Buried overlooking the start of the Stuart River, Kweh is said to watch over the salmon and is referred to as the “dreamer of the salmon.”

A rattle which hung from his grave was said to shake each year when the salmon were running. “And in this way Chief Kweh was believed to continue to provide for his people,” according to the information at the historic site’s visitor centre.

But there is at least one other story of a spirit in the Fort.

An interpreter at the historic site, Nicole Robert, had a strange experience which she has never forgotten.

The first year she began working at the park, Robert was in the trade store one day, and it was getting close to lunch time.

It was pouring rain, and Robert did not want to leave her post or get wet, and so she was calling towards the officer’s dwelling house to find out what was for lunch, as the interpreters would make a collective lunch.

A woman appeared in the doorway of the officer’s dwelling wearing a black and white polka dot skirt and top. She was a native woman and Robert said she could see her lips moving, but couldn’t hear any words and the woman was holding her hands open.

When the rain eased up, Robert walked towards the building, and the woman faded back into the dark of the building.

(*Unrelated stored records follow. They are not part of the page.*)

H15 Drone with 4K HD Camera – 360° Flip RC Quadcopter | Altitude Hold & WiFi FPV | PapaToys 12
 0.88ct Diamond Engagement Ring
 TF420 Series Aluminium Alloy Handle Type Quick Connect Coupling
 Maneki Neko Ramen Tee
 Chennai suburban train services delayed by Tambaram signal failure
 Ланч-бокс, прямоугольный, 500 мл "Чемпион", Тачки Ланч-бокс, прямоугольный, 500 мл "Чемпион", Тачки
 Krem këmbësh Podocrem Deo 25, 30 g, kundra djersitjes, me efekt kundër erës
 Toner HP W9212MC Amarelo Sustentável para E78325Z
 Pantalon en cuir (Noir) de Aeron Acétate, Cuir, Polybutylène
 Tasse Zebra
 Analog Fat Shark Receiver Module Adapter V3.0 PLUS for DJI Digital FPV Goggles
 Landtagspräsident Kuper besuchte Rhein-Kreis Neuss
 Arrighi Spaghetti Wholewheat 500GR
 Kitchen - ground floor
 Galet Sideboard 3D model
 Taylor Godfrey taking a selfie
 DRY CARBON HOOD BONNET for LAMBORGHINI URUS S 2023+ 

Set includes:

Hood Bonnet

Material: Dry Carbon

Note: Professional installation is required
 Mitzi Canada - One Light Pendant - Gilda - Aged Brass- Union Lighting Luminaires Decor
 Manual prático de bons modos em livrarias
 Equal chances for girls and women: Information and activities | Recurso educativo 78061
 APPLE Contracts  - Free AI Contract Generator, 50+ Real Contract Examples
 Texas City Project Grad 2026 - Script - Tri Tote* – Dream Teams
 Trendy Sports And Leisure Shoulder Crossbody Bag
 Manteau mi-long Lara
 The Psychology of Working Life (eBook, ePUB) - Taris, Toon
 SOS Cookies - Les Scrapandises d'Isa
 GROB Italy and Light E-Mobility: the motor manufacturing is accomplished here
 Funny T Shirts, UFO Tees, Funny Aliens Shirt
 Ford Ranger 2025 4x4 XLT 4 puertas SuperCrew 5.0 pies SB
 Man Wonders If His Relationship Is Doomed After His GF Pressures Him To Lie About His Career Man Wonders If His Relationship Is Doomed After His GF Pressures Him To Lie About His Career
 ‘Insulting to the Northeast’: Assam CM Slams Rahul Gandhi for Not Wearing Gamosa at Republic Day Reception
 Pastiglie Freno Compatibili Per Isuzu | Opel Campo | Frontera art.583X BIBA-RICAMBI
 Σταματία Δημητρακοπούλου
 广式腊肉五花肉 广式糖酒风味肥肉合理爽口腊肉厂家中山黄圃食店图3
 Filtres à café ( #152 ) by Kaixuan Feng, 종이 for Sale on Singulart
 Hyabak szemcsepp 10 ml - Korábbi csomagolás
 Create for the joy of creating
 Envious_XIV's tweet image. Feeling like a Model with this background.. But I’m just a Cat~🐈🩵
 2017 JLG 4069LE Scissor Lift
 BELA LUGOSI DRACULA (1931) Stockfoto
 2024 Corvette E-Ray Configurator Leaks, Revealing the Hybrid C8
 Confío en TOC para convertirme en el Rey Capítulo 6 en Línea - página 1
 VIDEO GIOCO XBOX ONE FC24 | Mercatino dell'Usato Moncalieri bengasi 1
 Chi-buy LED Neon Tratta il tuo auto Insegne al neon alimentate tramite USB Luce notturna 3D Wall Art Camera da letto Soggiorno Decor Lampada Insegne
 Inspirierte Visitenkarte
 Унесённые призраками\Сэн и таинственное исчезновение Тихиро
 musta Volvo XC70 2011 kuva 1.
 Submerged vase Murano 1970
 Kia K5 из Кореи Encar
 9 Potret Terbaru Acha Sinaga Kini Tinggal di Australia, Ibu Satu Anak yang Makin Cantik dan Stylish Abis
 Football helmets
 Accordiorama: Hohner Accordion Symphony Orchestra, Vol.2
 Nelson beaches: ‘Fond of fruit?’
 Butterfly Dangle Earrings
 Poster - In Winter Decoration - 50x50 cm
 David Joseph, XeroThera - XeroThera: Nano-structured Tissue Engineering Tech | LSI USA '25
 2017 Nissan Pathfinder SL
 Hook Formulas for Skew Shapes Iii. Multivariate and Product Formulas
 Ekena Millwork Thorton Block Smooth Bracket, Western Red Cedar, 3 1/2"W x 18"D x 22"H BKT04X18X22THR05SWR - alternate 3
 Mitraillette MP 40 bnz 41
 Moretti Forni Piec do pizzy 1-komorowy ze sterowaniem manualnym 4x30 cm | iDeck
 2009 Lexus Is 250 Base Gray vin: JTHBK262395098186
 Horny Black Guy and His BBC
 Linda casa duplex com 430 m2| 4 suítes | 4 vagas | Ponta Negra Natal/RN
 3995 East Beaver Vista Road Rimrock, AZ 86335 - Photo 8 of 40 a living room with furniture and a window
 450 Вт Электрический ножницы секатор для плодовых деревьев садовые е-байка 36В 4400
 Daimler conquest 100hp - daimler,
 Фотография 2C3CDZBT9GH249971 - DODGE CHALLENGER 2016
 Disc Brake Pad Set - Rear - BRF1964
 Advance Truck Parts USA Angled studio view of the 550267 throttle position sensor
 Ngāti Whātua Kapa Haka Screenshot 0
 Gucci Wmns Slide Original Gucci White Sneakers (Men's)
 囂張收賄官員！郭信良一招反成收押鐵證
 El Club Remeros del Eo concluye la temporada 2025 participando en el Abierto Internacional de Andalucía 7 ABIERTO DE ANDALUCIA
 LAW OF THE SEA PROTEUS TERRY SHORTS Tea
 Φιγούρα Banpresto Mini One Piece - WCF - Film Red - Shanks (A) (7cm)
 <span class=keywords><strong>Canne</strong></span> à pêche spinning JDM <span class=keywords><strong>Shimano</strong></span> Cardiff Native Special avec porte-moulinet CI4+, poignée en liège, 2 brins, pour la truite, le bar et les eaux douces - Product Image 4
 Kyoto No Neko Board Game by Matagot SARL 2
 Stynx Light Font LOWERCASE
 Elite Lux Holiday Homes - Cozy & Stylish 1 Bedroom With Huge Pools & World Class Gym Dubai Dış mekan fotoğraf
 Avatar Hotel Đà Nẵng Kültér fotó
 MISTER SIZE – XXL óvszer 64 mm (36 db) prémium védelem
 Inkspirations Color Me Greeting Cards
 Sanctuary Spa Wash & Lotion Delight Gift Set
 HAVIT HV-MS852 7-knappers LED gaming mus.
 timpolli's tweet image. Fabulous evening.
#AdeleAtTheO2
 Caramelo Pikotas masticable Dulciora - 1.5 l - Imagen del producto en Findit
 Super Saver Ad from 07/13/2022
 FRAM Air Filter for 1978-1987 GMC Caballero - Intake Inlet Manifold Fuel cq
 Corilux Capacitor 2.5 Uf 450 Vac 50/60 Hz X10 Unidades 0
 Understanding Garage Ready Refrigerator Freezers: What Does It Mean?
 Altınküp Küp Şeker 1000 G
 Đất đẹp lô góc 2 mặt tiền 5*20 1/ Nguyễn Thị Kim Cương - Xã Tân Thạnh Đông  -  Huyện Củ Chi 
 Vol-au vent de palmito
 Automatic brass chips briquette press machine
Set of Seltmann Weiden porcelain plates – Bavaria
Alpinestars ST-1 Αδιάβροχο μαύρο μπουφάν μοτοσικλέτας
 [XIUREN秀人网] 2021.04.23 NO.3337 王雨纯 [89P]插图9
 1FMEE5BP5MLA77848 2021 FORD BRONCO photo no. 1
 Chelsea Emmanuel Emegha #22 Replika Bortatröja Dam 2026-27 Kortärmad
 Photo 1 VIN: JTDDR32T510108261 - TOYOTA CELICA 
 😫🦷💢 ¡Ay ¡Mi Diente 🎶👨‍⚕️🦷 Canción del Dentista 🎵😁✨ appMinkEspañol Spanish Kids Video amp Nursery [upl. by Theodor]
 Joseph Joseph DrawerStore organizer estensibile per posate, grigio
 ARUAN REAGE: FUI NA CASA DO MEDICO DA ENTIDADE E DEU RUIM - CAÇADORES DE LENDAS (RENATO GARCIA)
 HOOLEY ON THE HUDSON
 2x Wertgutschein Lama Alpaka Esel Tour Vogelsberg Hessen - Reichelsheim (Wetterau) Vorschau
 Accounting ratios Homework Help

She assumed the woman was a new hire and asked after her when she arrived for lunch. The other interpreter informed Robert no one else was there.

A medium visiting the site went through the house another time and reported seeing a woman of the same description as Robert.

Robert has not seen the woman again, but she said she has had other experiences at the historic site, catching glimpses in her peripheral vision of people or movement and shadows.

She has also smelled a strong puff of tobacco smoke inside the store on occasion, and said visitors have confirmed to her they smelled it as well.

There is no smoking allowed on the site, however, and no one around was smoking.

“It would be very strong, like somebody just lit it,” she said.

The experiences do not worry Robert, however, as she has never felt anything unfriendly from her visitors.

“I feel that they’re okay,” she said. She does, however, always say “good morning” to whoever may be inside when she goes into the building.

Happy Halloween and may the spirits of Fort St. James be with you.